Il disparut un instant avant de revenir avec une photo à la main. « Elle était entre les pages d'un livre qui appartenait à Hillel », m'expliqua-t-il. C'était cette fameuse photo de Woody, Hillel, Alexandra et moi, adolescents à Oak Park.

— Que s'est-il passé entre Alexandra et toi? demanda Oncle Saul.

— Peu importe, répondis-je.

— Markie, tu sais combien j'apprécie ta présence ici. Mais parfois je m'inquiète. Tu devrais sortir plus, t'amuser plus. Avoir une petite copine...

— Ne t'inquiète pas, Oncle Saul.

Je lui tendis la photo pour la lui rendre.

— Non, garde-la, me dit-il. Il y a un mot derrière.

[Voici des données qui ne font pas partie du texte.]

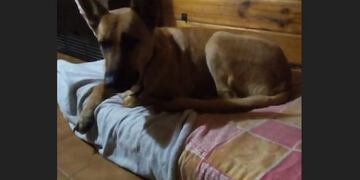 Mascota en adopción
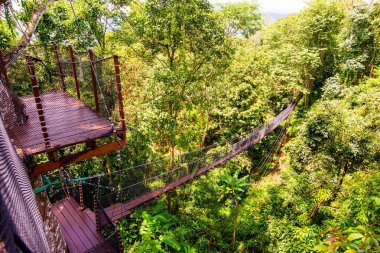 Mae Fah Luang Bahçesinde Ağaç Tepesi Yürüyüşü, Chiang Rai.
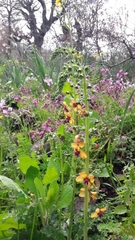 Verbascum gaillardotii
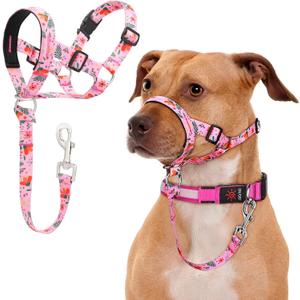No-Pull Dog Head Collar, Print Head Halter Collar for Dogs, Gentle Lead Collar to Stop Heavy Pulling, Anti-Pull Training Muzzle Leash for Easy Control on Walks (Pink, Small)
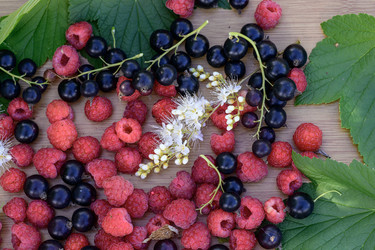 Similar image 22209151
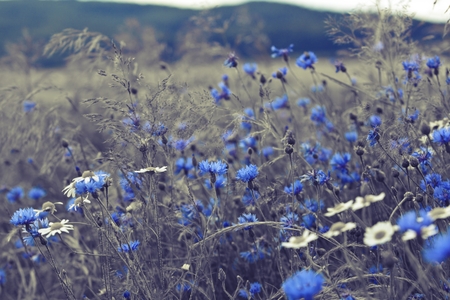 Flowering Meadow の写真素材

Je retournai le cliché et reconnus son écriture. Elle avait écrit :

 

JE VOUS AIME, LES GOLDMAN.

 

4.

À Boca Raton, en ce mois de mars 2012 où je retrouvai Alexandra, je me mis à voler tous les matins son chien Duke. Je l'amenais chez moi, où il passait la journée à mes côtés, et le soir je le ramenais à la maison de Kevin Legendre.

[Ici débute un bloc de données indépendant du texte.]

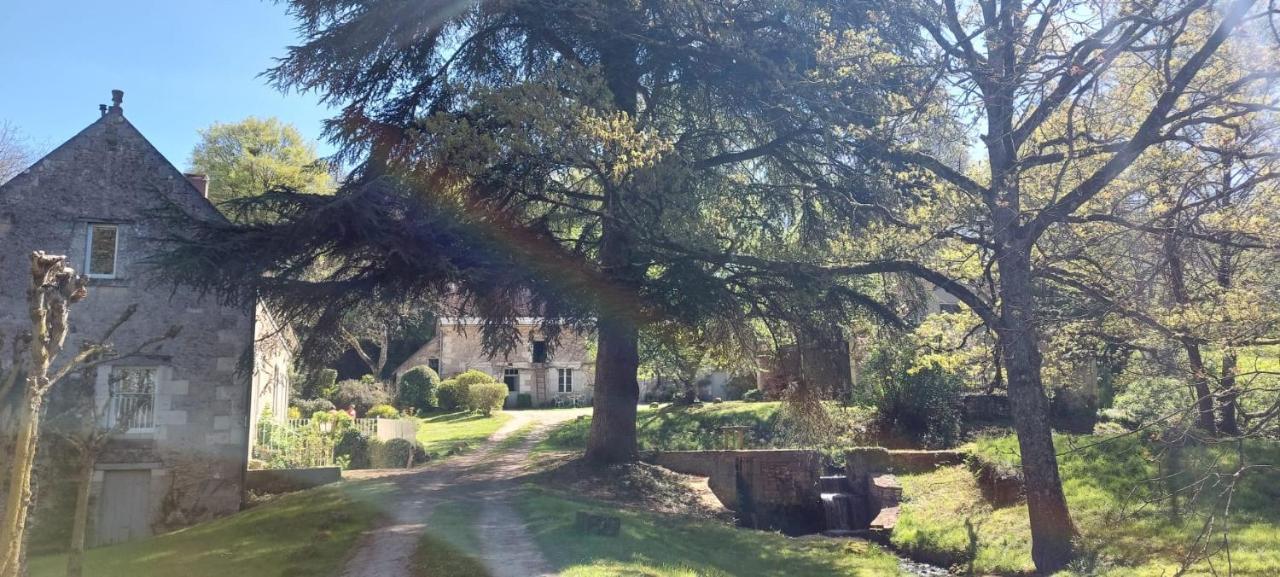 Le Moulin Du Mesnil Panzió Saint-Georges-sur-Cher Kültér fotó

Le chien se plaisait tellement avec moi qu'il se mit à m'attendre devant la clôture de la propriété de Kevin. J'arrivais au petit matin et il était là, assis, guettant ma venue. Je descendais de voiture et il se précipitait sur moi, manifestant sa joie en essayant de me lécher le visage pendant que je me baissais pour le caresser. J'ouvrais le coffre, il sautait gaiement à l'intérieur et nous partions tout de go pour passer la journée chez moi. Puis, n'y tenant plus, Duke se mit à venir tout seul. Tous les matins à six heures, il s'annonçait en jappant devant ma porte, avec une précision que les humains n'auront jamais.

Nous nous amusions bien ensemble. Je lui achetai tout l'attirail des chiens heureux : balles en caoutchouc, jouets à mâcher, nourriture, gamelles, friandises, couvertures pour qu'il soit confortable. À la fin de la journée, je le ramenais chez lui et nous retrouvions ensemble, et avec la même joie, Alexandra.

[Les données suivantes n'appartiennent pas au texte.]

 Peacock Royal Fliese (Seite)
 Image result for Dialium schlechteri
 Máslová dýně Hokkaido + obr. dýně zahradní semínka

Les retrouvailles furent d'abord brèves. Alexandra me remerciait, s'excusait du dérangement et me renvoyait chez moi, sans même me proposer d'entrer un instant.

Puis, il y eut cette fois où elle était absente de la maison. Ce fut cet enquiquineur tout en muscles de Kevin qui m'accueillit et réceptionna Duke. « Alex n'est pas là », me dit-il d'un ton amical. Je le chargeai de la saluer pour moi et m'apprêtais à repartir lorsqu'il me proposa de rester dîner avec lui. J'acceptai. Et je dois dire que nous passâmes une soirée très agréable. Il avait quelque chose d'éminemment sympathique. Un côté gentil père de famille, sur le point de prendre sa retraite à trente-sept ans avec quelques millions sur son compte en banque ! Il amènerait les enfants à l'école, entraînerait leur équipe de foot, organiserait des barbecues pour les anniversaires. Le type qui n'en fichait pas une, c'était lui.

Justement, ce soir-là, Kevin m'expliqua qu'il était blessé à l'épaule et que l'équipe l'avait mis au repos. Il faisait de la rééducation le jour, cuisait des steaks le soir, regardait la télévision, dormait. Il trouva judicieux de me raconter qu'Alexandra lui faisait des massages divins, qui l'apaisaient beaucoup. Puis il me fit l'inventaire de tous les gestes qui lui faisaient mal et me parla encore de ses exercices de physiothérapie. C'était un homme simple au sens propre du mot, et je me demandais ce qu'Alexandra pouvait bien lui trouver.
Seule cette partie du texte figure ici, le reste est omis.